Concílio para os Ortodoxos
O Concílio Vaticano II era de grande interesse para o mundo ortodoxo, seus teólogos e pastores, e foi seguido em todas as suas fases e documentos. A Igreja de Roma entrou no movimento ecumênico com plenos direitos, superando a teoria do retorno, mas, sobretudo, este concílio foi verdadeiramente “a consequência lógica de toda a vida do Papa João”. Histórica foi a sua saudação no final do dia após a abertura do concílio: “Olhemo-nos assim, no encontro, para colher o que nos une, deixando de lado o que pode nos desunir…”. Portanto, recordando este Concílio do lado ortodoxo, seriam muitos os temas que despertaram vivo interesse, mas gostaríamos de lembrar um deles que pareceu importante para as sensibilidades ortodoxas, a saber, a Constituição sobre a Sagrada Liturgia e sua referência à tradição, não como um arqueologismo, mas como uma expressão viva da Igreja, enunciando o princípio do retorno “ad pristinam Sanctorum Patrum normam“, o retorno às fontes mais antigas das diversas liturgias da Igreja, destacando sua espiritualidade mais fecunda na participação ativa dos fiéis, uma comunidade que celebra, um ato pastoral que nasce da obra de Redenção de Cristo, desprovido de funções sociológicas ou psicológicas, sempre una, mesmo na diversidade dos ritos.

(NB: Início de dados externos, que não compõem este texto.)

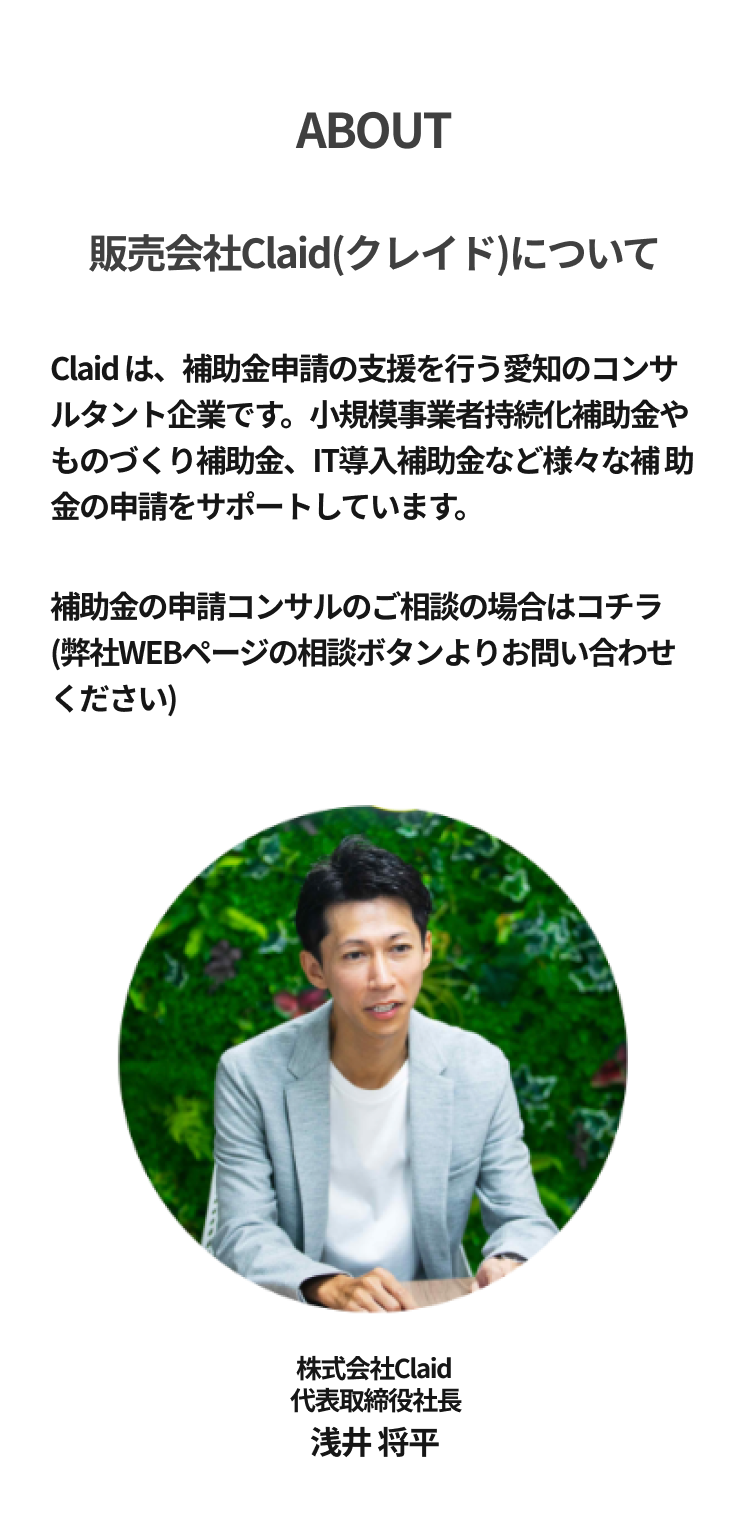  ABOUT 販売会社Claid (クレイド)についてClaid は、 補助金申請の支援を行う愛知のコンサ ルタント企業です。 小規模事業者持続化補助金や ものづくり補助金、IT導入補助金など様々な補 助金の申請をサポートしています。補助金の申請コンサルのご相談の場合はコチラ(弊社WEBページの相談ボタンよりお問い合わせ
ください)株式会社Claid 代表取締役社長 浅井 将平 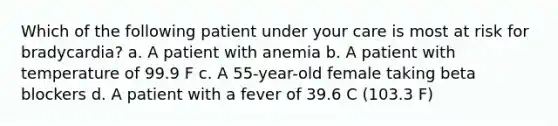 Which of the following patient under your care is most at risk for bradycardia? a. A patient with anemia b. A patient with temperature of 99.9 F c. A 55-year-old female taking beta blockers d. A patient with a fever of 39.6 C (103.3 F)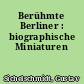 Berühmte Berliner : biographische Miniaturen
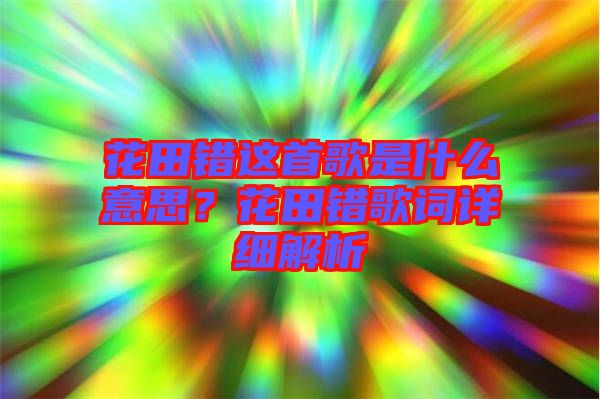 花田錯這首歌是什么意思？花田錯歌詞詳細(xì)解析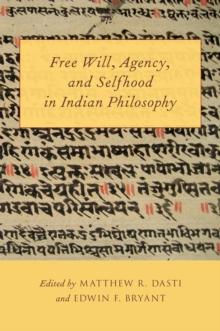 Free Will, Agency, and Selfhood in Indian Philosophy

A liturgia volta a ser uma “obra do povo” na qual o colégio sacerdotal e os fiéis formam um único corpo litúrgico, no qual cada um tem sua função particular.
São João Crisóstomo
A centralidade da Eucaristia, a oração comum, as leituras bíblicas, a concelebração, o uso da linguagem viva, a possibilidade de comunhão nas duas espécies, tudo isso remete às palavras de São João Crisóstomo: “Toda a Eucaristia foi oferecida uma vez e nunca se esgota. O Cordeiro de Deus, sempre comido e nunca consumido”. (In Epist. Ad Hebr., Hom. 17; pg 63, 131). O Papa João XXIII, já dissemos, amava a liturgia como a mais alta forma de oração da Igreja; a liturgia é um sinal de unidade entre Deus e o homem e entre o homem e Deus. Em cada rito da liturgia encontramos aquilo que une acima de tudo e para todas as coisas. O Concílio Vaticano II restaurou essa centralidade à liturgia romana; é dever de todos nós cristãos de hoje trabalhar para redescobrir nossa unidade naquele único Pão e naquele único Cálice, o Cristo “aquele que está partido sem ser dividido, que é sempre comido e nunca consumido, mas que santifica aqueles que dele participam” (Divina Liturgia de São João Crisóstomo).